Stylist Virgil Exner, well known for his Ghia show cars of the early 1950s, wielded more authority than ever over the styling of the 1953 Chrysler Corporation lineup, including the 1953 Chrysler New Yorker convertible.
Highlights included an extensive sheetmetal reskinning that made all models shapelier, with emphasis on more glass, one-piece curved windshields, and wraparound backlights. Hoods were drawn further down for a lower look. Overall, the cars seemed less bulky and they were a bit lighter.
For the Chrysler New Yorker (replacement for the Saratoga) and New Yorker DeLuxe, weight was pared about five percent. Length receded to 211 inches, and a six-inch chop reduced the wheelbase to 125.5 inches, same as the Windsor. All models shared a tidier grille and squared-off rear flanks with new taillights.
Chrysler's famed hemi V-8 held steady at 331.1 cubic inches and 180 horsepower, but Buick, Cadillac, and Lincoln now boasted ratings of 188-210 horsepower.
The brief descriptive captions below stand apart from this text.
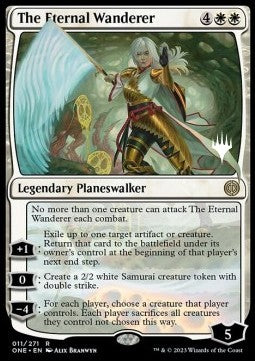The Eternal Wanderer (V.2)⁣ - Phyrexia: All Will Be One: Promos⁣ (Rare)⁣ [11]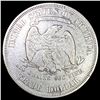 Image 2 : 1877 Silver Trade Dollar ABOUT UNCIRCULATED
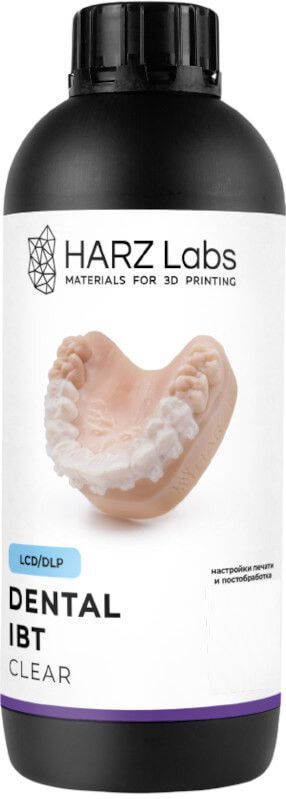 Фотополимер HARZ Labs Dental IBT (1 кг)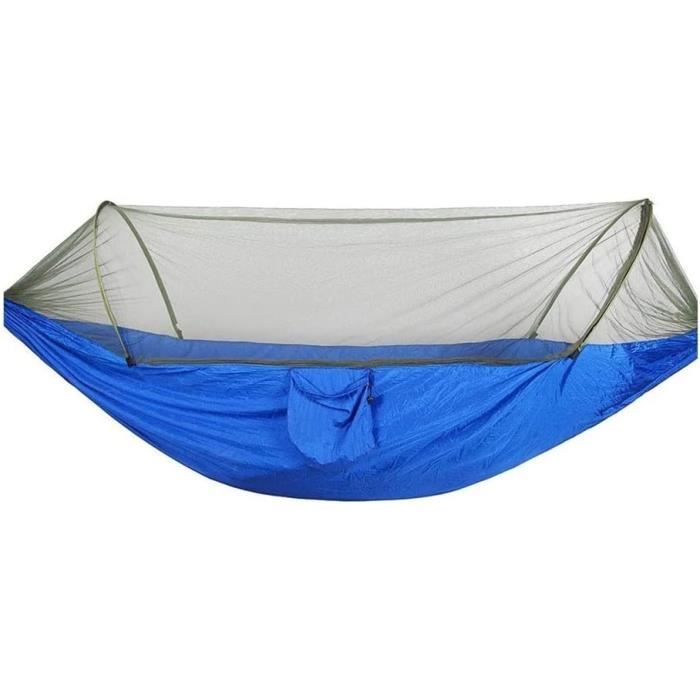Hamac Portable Camping - Jardin Avec Moustiquaire Extérieur 1-2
No matter, a 300-500 pound weight advantage kept Chrysler competitive -- unlike the semi-automatic Fluid Drive and Fluid-Torque Drive transmissions, which didn't. PowerFlite automatic, long overdue, finally appeared late in the model year. Perhaps not surprisingly, almost 50 percent of Chrysler buyers still chose the ancient 119-horsepower six, standard in the $600-cheaper Windsor.
New to the options list in 1953 was Airtemp air conditioning, joining power steering, brakes, and windows. Also new were extra-cost Kelsey wire wheels, resplendent in chrome and listing for a pricey $300. Thus, by 1953 a Chrysler could be ordered with most of the luxuries taken for granted today.
In hindsight, early 1950s Chrysler styling was outdated. Customers didn't seem to notice, however, as they pushed 1953 model year output to a corporate record of 1.27 million cars, 162,187 of them Chryslers.
At $4,025, the 1953 New Yorker DeLuxe convertible was the most expensive model in the series. The car shown here, owned by Bob Brannon of Des Plaines, Illinois, was largely original when he found it, but he restored it to better-than-new condition. Only 950 units were built, so few people ever knew the joy of owning a top-of-the-line Chrysler ragtop in 1953. Today, for most of us, it's a car to dream about.